Portanto, depreende-se que a permissão legal da contratação direta emergencial não foi elaborada com o intuito de incentivar diversas contratações sucessivas do mesmo objeto e do mesmo contratante por dispensa de licitação, mas tão somente a contratação dos bens e as parcelas de obras e serviços suficientes para afastar o risco. Todavia, em casos excepcionais, pode ser admitida a nova contratação, na qual deverão estar reunidos todos os pressupostos da contratação direta emergencial.

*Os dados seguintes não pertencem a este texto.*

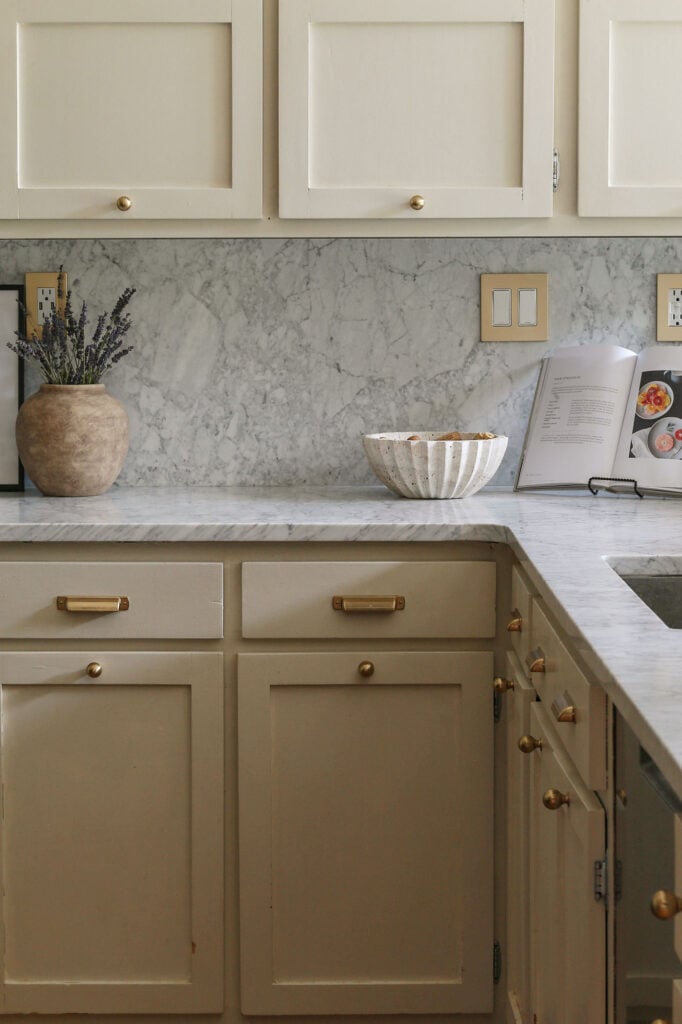 kitchen with honed Carrara marble countertops and backsplash from daltile and natural cream cabinets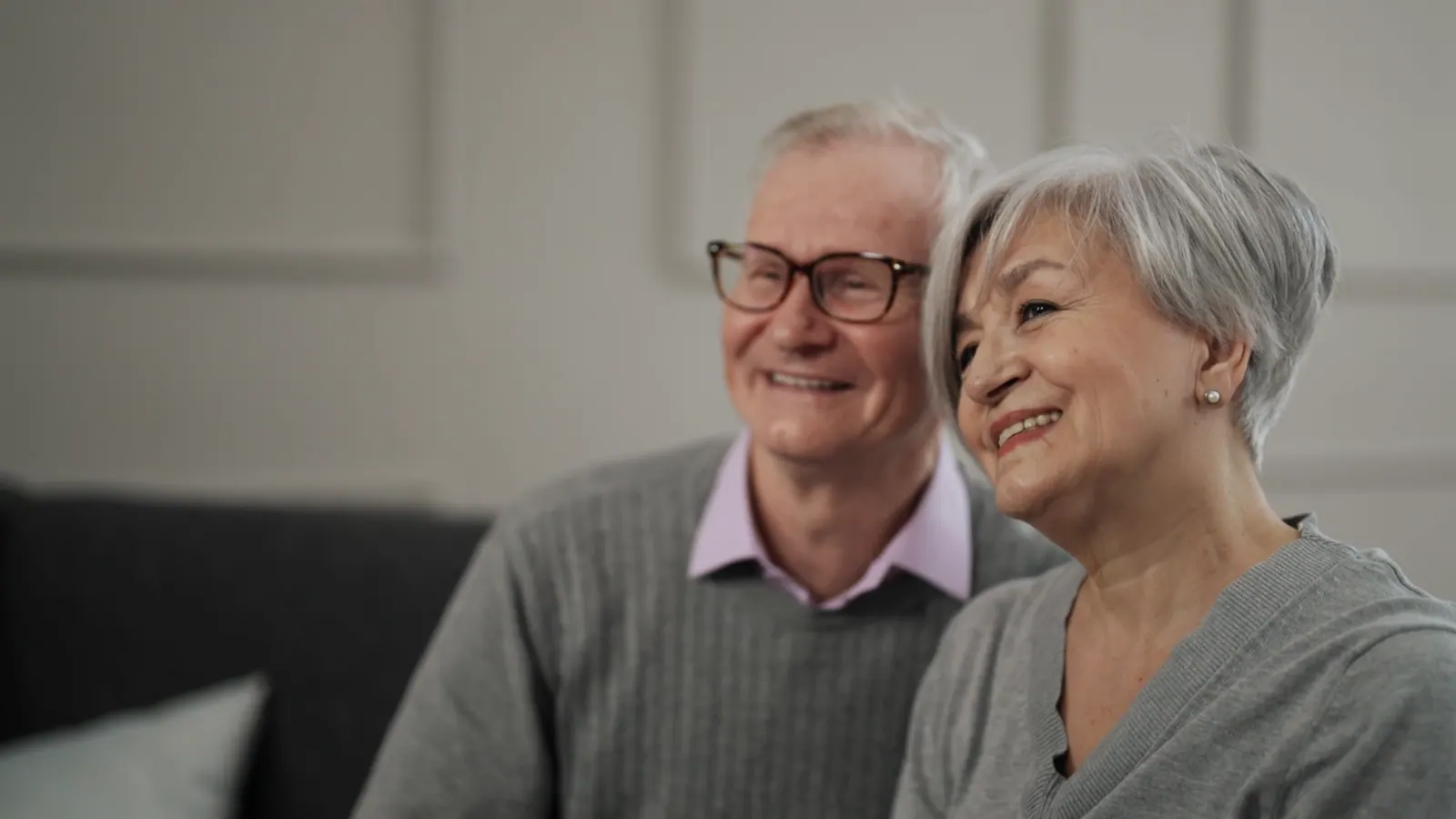 Smiling senior couple sitting together at home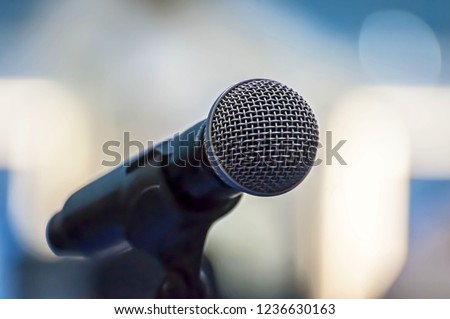 Microphone isolated closeup illustrative image for conference, convention, musical concert, public performance, show, music recording studio concept. Democracy, freedom of speech concept.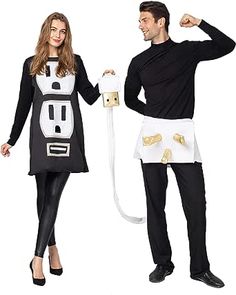 a man and woman dressed in costumes standing next to each other with an electrical outlet attached to their body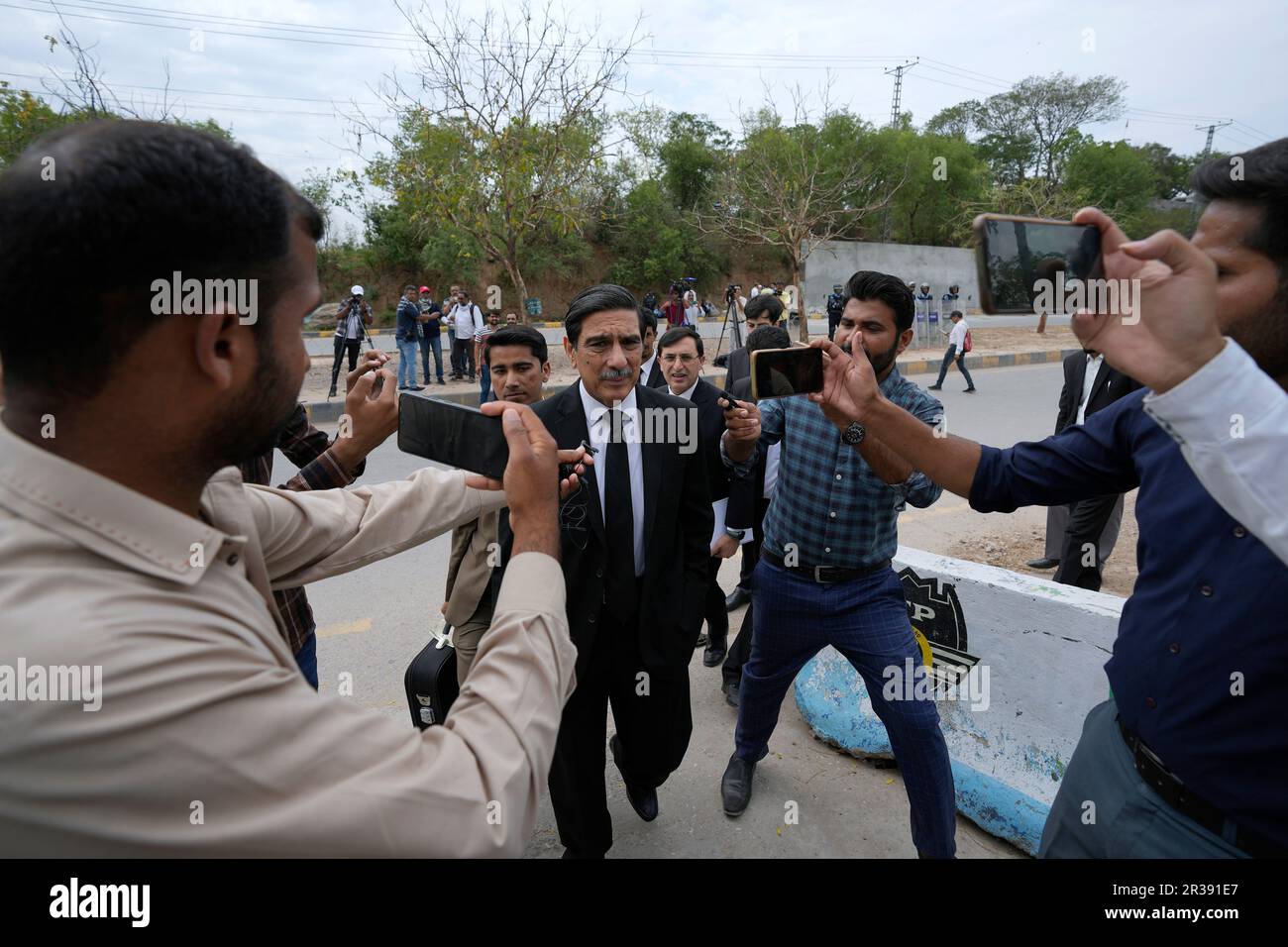 Khawaja Haris, center, lawyer of Pakistan's former Prime Minister Imran Khan, is surrounded by members of media as he arrives to appear in court, in Islamabad, Pakistan, Tuesday, May 23, 2023. Khan on Tuesday pressed his legal battle before a court in the capital, Islamabad, which granted him protection from arrest until early next month in several cases where he faces terrorism charges for inciting violence. (AP Photo/Anjum Naveed) Banque D'Images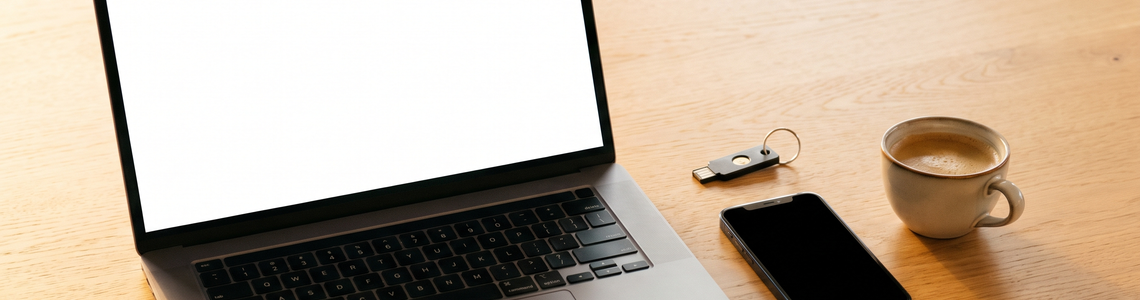 Passkeys: Laptop, Smartphone und Sicherheitsschlüssel auf dem Schreibtisch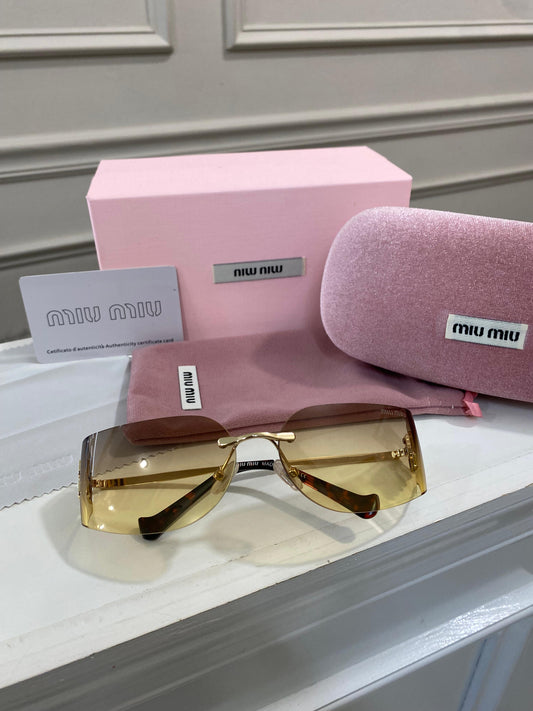 Lentes Miu Miu – curvo amarillo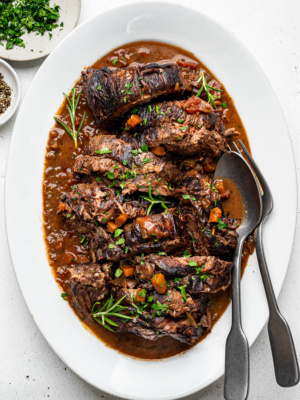 Sliced Stracatto di manzo (Italian pot roast) served on a large white platter.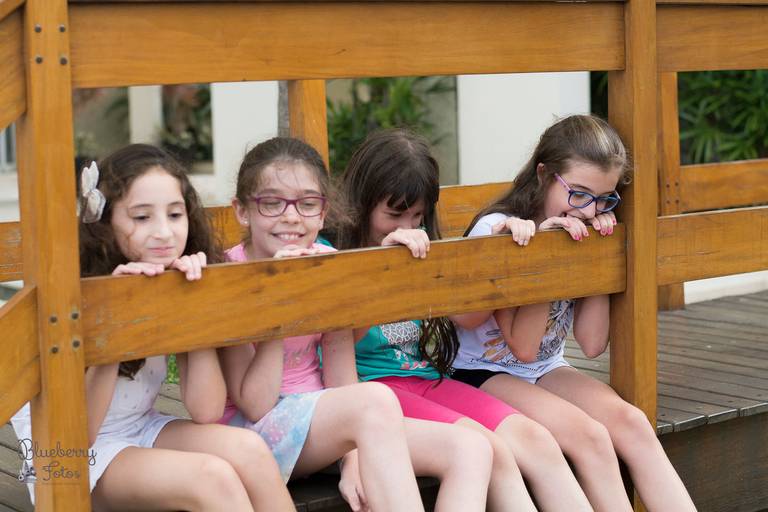 quatro meninas sentadas em uma ponte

Aqui, merece destaque as lições de Niebuhr (2015, p. 267) ao explicar que apesar da prorrogação e da nova contratação, semelhante à anterior, produzirem os mesmos resultados práticos, são institutos distintos, posto que a nova contratação exige que sejam demonstrados todos os requisitos para que a contratação direta emergencial seja considerada válida.

Fernandes (2013, p. 317) defende que diante da possibilidade de extremo prejuízo ao interesse público, o administrador deve preferir firmar novo contrato, sendo a prorrogação usada de forma excepcional, com base no art. 57, §1º da Lei nº 8.666/93.

Admitir a possibilidade de flexibilização de limitações impostas na lei, ou seja, o afastamento da regra infraconstitucional, diante das condições extraordinárias acima descritas,

é uma postura compatível com a ideia de juridicidade administrativa, uma vez que a motivação possui amparo nos valores e princípios, constitucionalmente tutelados, legítimos interesses públicos, cuja proteção e consecução constituem objetivos da Administração Pública, ao exercer suas atividades.